After suffering a narrow 5-4 loss against then second-ranked Bowdoin on Sunday, April 3, the women’s tennis team had high expectations heading into its match this week against defending Division III national champion and Little Three rival Williams. The Cardinals hoped to notch their first win against the Ephs in program history. While the Birds put forth a valiant effort, they were once again thwarted as the Ephs emerged victorious, with a 5-1 decision. With the loss, the Cards fall to 3-3 on the season and remain winless against NESCAC opponents.
“I think the team came out really fired up, especially since Williams is a rival,” said captain Maddie James ’16. “It’s always fun and exciting to play a top team in the nation, particularly when you feel like you can compete with them on every court, which we definitely did.”
The match started off following standard protocol with doubles action taking center stage. The dynamic duo of Eudice Chong ’18 and Aashli Budhiraja ’18 at number one doubles put the Cardinals on the board first after a 9-8 highly competitive win that was decided by a tiebreaker. The Cardinals, however, did not fare as well on courts two and three, which in part could be attributed to the fact that this was the first competitive action for these newly reconfigured pairings. Each duo has only been playing together for about a week.
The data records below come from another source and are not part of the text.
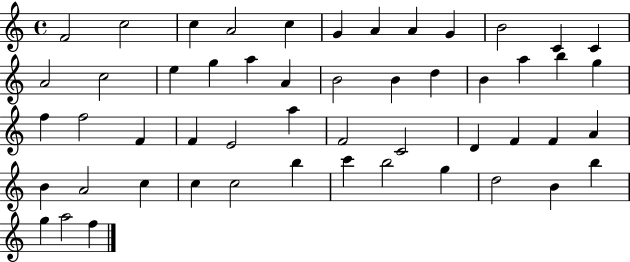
F4/h C5/h C5/q A4/h C5/q G4/q A4/q A4/q G4/q B4/h C4/q C4/q A4/h C5/h E5/q G5/q A5/q A4/q B4/h B4/q D5/q B4/q A5/q B5/q G5/q F5/q F5/h F4/q F4/q E4/h A5/q F4/h C4/h D4/q F4/q F4/q A4/q B4/q A4/h C5/q C5/q C5/h B5/q C6/q B5/h G5/q D5/h B4/q B5/q G5/q A5/h F5/q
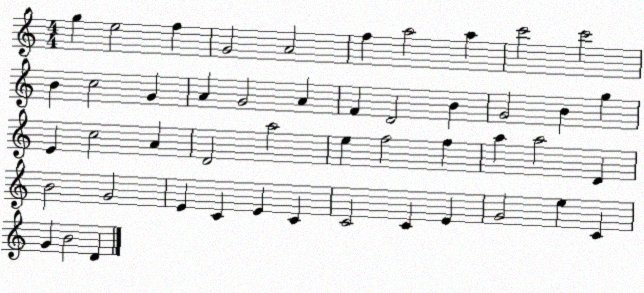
X:1
T:Untitled
M:4/4
L:1/4
K:C
g e2 f G2 A2 f a2 a c'2 c'2 B c2 G A G2 A F D2 B G2 B g E c2 A D2 a2 e f2 f a a2 D B2 G2 E C E C C2 C E G2 e C G B2 D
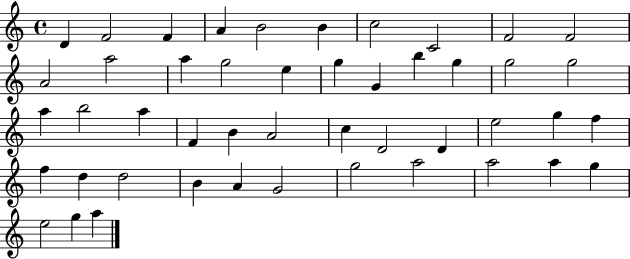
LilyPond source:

{
  \clef treble
  \time 4/4
  \defaultTimeSignature
  \key c \major
  d'4 f'2 f'4 | a'4 b'2 b'4 | c''2 c'2 | f'2 f'2 | \break a'2 a''2 | a''4 g''2 e''4 | g''4 g'4 b''4 g''4 | g''2 g''2 | \break a''4 b''2 a''4 | f'4 b'4 a'2 | c''4 d'2 d'4 | e''2 g''4 f''4 | \break f''4 d''4 d''2 | b'4 a'4 g'2 | g''2 a''2 | a''2 a''4 g''4 | \break e''2 g''4 a''4 | \bar "|."
}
At two doubles, Victoria Yu ’19 was joined by teammate Dasha Dubinsky ’18, while Helen Klass-Warch ’18 and Nicole McCann ’18 represented the Cards at three. While the change may not have proved successful on Saturday, these new pairings have the potential to cause a lot of problems for future opponents in the weeks ahead.
“I think Eudice and Aashli played a very clean match at 1,” said Head Coach Mike Fried. “We changed the pairings of our two and three doubles teams for the first time this year, and I think that is always a tough prospect without a lot of time to acclimate to playing together. We worked on it this week in practice, but I think doubles teams rely a lot on chemistry and that comes from spending quite a bit of time together on the court. We just thought it might benefit us to move some things around, and I hope that as both those teams get a chance to spend some more time on the court together, that the spark we think is there is in fact there, but you know it is a tricky situation practicing for a week and then having your first go around against the defending national champs.”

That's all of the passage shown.